One ring lost it's stone during casting. This one had a beautiful marquise shaped sapphire set directly into the wax. Apparently it fell out during the casting process and never was seen again. Now it will be a real challenge to hand set another similar stone in the impression. Marquise shapes are so tough to set flush into the metal. They break really easy and its hard to get the fit right.
Another ring with a beautiful black diamond was at least fixable. Some silver covered the surface of the diamond, hiding the black beauty underneath. Thankfully silver is so much softer than a diamond, so the silver can be carefully polished away without scratching the diamond.

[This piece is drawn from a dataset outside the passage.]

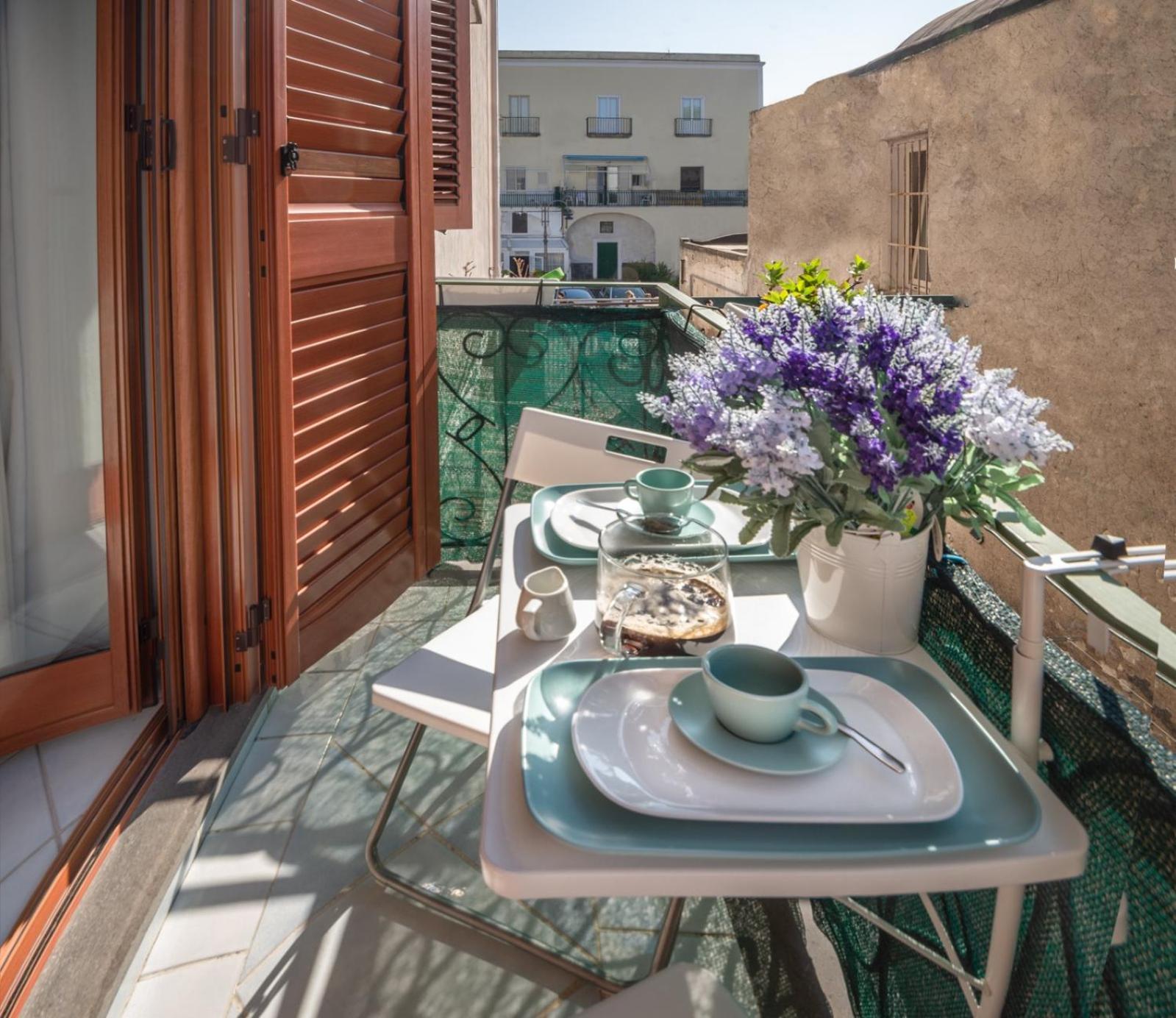 Bed and Breakfast La Finestra Sul Mare Искья Экстерьер фото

But the real bummer was the casting of a rough diamond stacking ring. A quarter of the silver ring is totally messed up. It is porous and has pits all over. Something that can not be fixed. I will have to redo this again. Hopefully I get all the diamonds out of this screwed up ring. The really bad thing is that last week 2 more people ordered those raw diamond rings and one even has to be done in 18 karat gold. Now I am rally terrified that all those 5 rings will go wrong when I try it again next week. If all goes well it should come out like this ring did.
It is always a challenge using this method. I had some rings come out great and some others were ready for the scrap bin. It seems to be a 50/50 chance. I really wish I could afford my own casting setup to be able to experiment with this more. Unfortunately this equipment is really expensive and needs a large ventilated space. It also eats a lot of energy, so for my low production runs it would be not very sustainable.

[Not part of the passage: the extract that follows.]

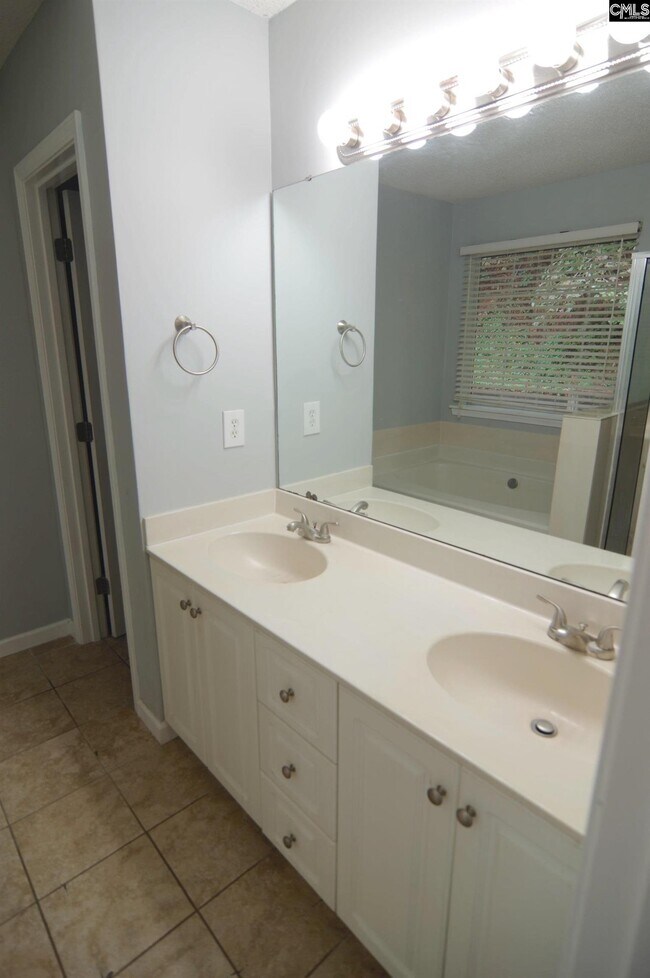 Building Photo - 156 Hunters Trail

The stone in place casting method allows to create some settings that would be almost impossible to get otherwise using the hand set method after the casting is done. Stone-in-place casting dramatically reduces labor costs associated with manually setting tiny gems.
In stone-in-place casting, a wax model of the jewelry piece is created, and the stones are set into the wax prior to casting. The wax model is placed into a flask and a fine-grained, heat-resistant plaster called "investment" is poured around it. Once the plaster has set, the flask is placed into an oven and heated until the wax burns off, leaving behind an empty cavity and the stones, which are held in place in the cavity by the investment. The burn out timing has to be adjusted slightly when stones are in the casting. The temperature changes have to be more gradually as temperature shocks can damage even the hardest stones.
The jewelry metal — normally gold or silver, since platinum's melting temperature is higher than most stones can tolerate — is melted and poured into the cavity, filling the space left by the wax. After the flask cools, an almost finished, stone-set jewelry piece is removed from the investment. Once the sprue is cut off and metal is smoothened, it just needs to be polished.
There are still limitations to what can be done with stone-in-place casting. For example, only certain stones can be used in this technique. Since the melting temperature of gold is 1,700 F to 1,800 F (927 C to 982 C), stones must be able to tolerate fairly high temperatures. Stones that change color when exposed to high temperatures, such as amethyst or blue topaz, or which will burn at these temperatures, such as pearl and turquoise, are not suitable for stone-in-place casting. The most popular choices, unsurprisingly, are diamonds, ruby and sapphire and synthetic stones, which are durable stones with a high tolerance for heat.